年間第29主日(B年 2021/10/17)

マルコ10:35−45

父と子と聖霊のみ名によって。 アーメン。

「イエスは一同を呼び寄せて」と、今日の福音は伝えます。ここで「一同」とは、主キリストの十二弟子たちのひとり残らずすべて、です。何があったのでしょうか。

マルコによる福音は、この直前に、最初にはヤコブとヨハネ、後には十二弟子すべてを巻き込んでの、主キリストと弟子たちとの対話を伝えていました。まず、ヤコブとヨハネが、一つのことを主に願い出ました。
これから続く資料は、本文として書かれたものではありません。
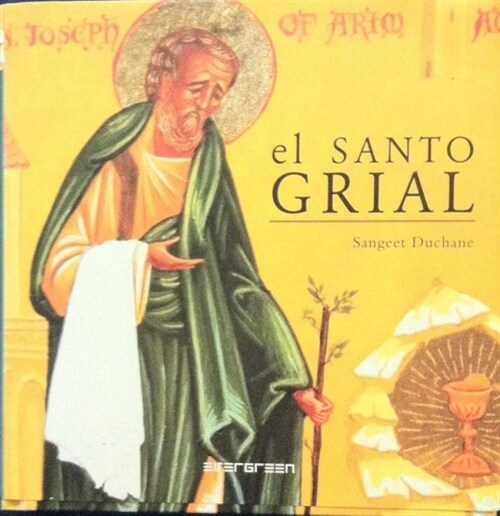  El santo grial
「栄光をお受けになるとき、わたしどもの一人をあなたの右に、もう一人を左に座らせてください。」

ここでヤコブとヨハネは、主キリストが旅の終わりエルサレムで、「王」に挙げられる事を期待し、その際、彼らを左・右の大臣に、つまり主の十二弟子たちの中でも、彼らが特別の地位に指名されることを、主に願い出ています。

二人のこのような願いに、わたしたちは戸惑いを覚えざるを得ません。彼らは、主キリストとともにエルサレムに向かう旅の途上、他の弟子たちとともに、旅の果てエルサレムでの主の「十字架と復活」の予告を、実に、既に三度、主ご自身から直接聞かされて来たはずです。しかも、マルコによる福音は、今日の出来事を、主の三度目の「十字架と復活」の予告の直後のこととして伝えているのです。

この二人に主キリストは、「あなたがたは自分が何を願っているか、分かっていない」とお応えになり、続けて、「このわたしが飲む杯を飲み、わたしが受ける洗礼を受けることができるか」と、お尋ねになられました。それでも主のお心を理解できない彼らは、即座に「できます」と主にお応えした、と福音は伝えています。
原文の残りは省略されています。